Station Eleven Page 105
“His scar,” August said.
“I know. And where’s the Symphony? Why would they change the route?” August didn’t answer. There were a dozen reasons why the Symphony might have deviated from the planned route. They were threatened in some way and decided to take a less direct path. They decided upon closer consideration that another route was quicker and expected Kirsten and August to meet them at the airport. They took a wrong turn and vanished into the landscape.
August found a driveway in the early afternoon. They’d been resting in the shade when he rose and walked across the road. Kirsten had noticed the stand of young trees there, but had been too tired and heat-stunned to consider what it might mean. August dropped to one knee to prod at the ground.
“Gravel,” he said.
It was a driveway, so overgrown that it had nearly disappeared. The forest opened into a clearing with a two-story house, two rusted-out cars and a pickup truck slumped on the remains of their tires. They waited a while at the edge of the trees, watching, but detected no movement.
The front door was locked, an unusual detail. They circled the house, but the back door was locked too. Kirsten picked the lock. It was obvious from the moment they stepped into the living room that no one else had been here. Throw pillows were arranged neatly on the sofa. A remote control lay on the coffee table, blurred by dust. They looked at one another with eyebrows identically raised over the rags they’d tied over their faces. They hadn’t come across an untouched house in years.
In the kitchen Kirsten ran her finger over the row of plates in the dish rack, took a few forks for later use. Upstairs, there was a room that had once belonged to a child. The child in question was still present, a husk in the bed—Kirsten pulled a quilt over its head while August was still going through the downstairs bathroom—and there was a framed photograph on the wall of a boy with his parents, all of them beaming and resplendent with life, the boy in a Little League uniform with his parents kneeling on either side. She heard August’s footsteps behind her.

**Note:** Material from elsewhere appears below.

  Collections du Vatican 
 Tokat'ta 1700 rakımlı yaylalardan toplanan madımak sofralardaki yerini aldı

“Look what I found,” he said.
He’d found a metal Starship Enterprise. He held it up in the sunlight, a gleaming thing the size of a dragonfly. That was when Kirsten noticed the poster of the solar system over the bed, Earth a small blue dot near the sun. The boy had loved both baseball and space.

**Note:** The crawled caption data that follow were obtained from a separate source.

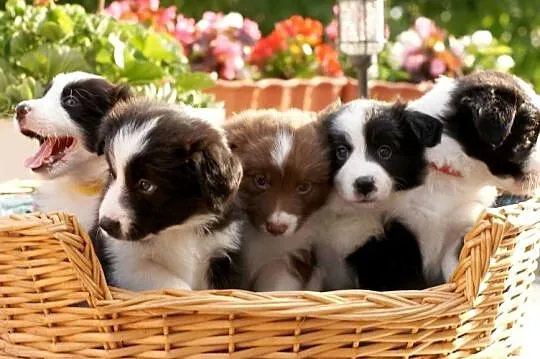 Szczeniak Border Collie, Wielkopolskie, Krotoszyn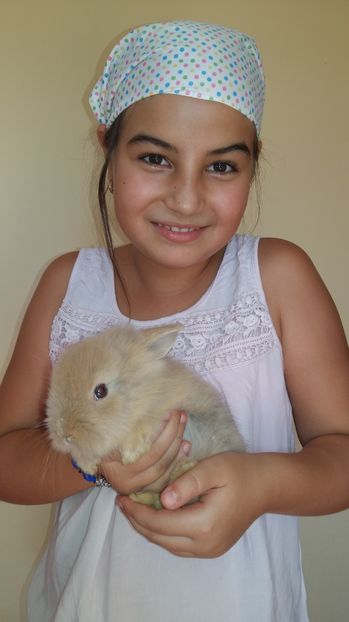  - 111111111 Iepuri din 2016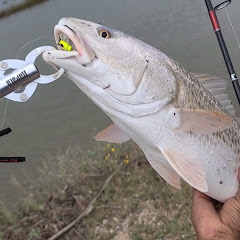 Slaughter House Fishing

“We should keep moving,” Kirsten said after a moment. August’s gaze had fallen to the bed. She left the room first so he could say one of his prayers, although she wasn’t actually sure if prayer was the right word for it. When he murmured over the dead, he seemed to be talking only to them. “I hope it was peaceful at the end,” she’d heard him say. Or, “You have a really nice house. I’m sorry for taking your boots.” Or, “Wherever you are, I hope your family’s there too.” To the child in the bed, he spoke so quietly that Kirsten couldn’t hear. The only words she caught were “up in the stars,” and she moved quickly on to the master bedroom so that he wouldn’t catch her eavesdropping, but she saw that August had been there already—the boy’s parents had died in their bed, and a cloud of dust hung in the air above them from when August had pulled up the blankets to cover their faces.

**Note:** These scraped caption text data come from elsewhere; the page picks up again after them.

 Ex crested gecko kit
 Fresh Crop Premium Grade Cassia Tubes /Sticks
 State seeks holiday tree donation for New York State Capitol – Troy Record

In the en suite bathroom, Kirsten closed her eyes for just a second as she flipped the light switch. Naturally nothing happened, but as always in these moments she found herself straining to remember what it had been like when this motion had worked: walk into a room, flip a switch and the room floods with light. The trouble was she wasn’t sure if she remembered or only imagined remembering this. She ran her fingertips over a blue-and-white china box on the bathroom counter, admired the rows of Q-tips inside before she pocketed them. They looked useful for cleaning ears and musical instruments. Kirsten looked up and met her own gaze in the mirror. She needed a haircut. She smiled, then adjusted her smile to lessen the obviousness of her most recently missing tooth. She opened a cabinet and stared at a stack of clean towels. The one on top was blue with yellow ducks on it and had a hood sewn into a corner. Why hadn’t the parents taken the boy into their bed, if they’d all been sick together? Perhaps the parents had died first. She didn’t want to think about it.
The door to the spare bedroom had been closed, the window open a crack, so the carpet was ruined but the clothes in the closet had escaped the smell of death. She found a dress she liked, soft blue silk with pockets, and changed into it while August was still in the boy’s bedroom. There was also a wedding gown and a black suit. She took these for costumes. What the Symphony was doing, what they were always doing, was trying to cast a spell, and costuming helped; the lives they brushed up against were work-worn and difficult, people who spent all their time engaged in the tasks of survival. A few of the actors thought Shakespeare would be more relatable if they dressed in the same patched and faded clothing their audience wore, but Kirsten thought it meant something to see Titania in a gown, Hamlet in a shirt and tie. The tuba agreed with her.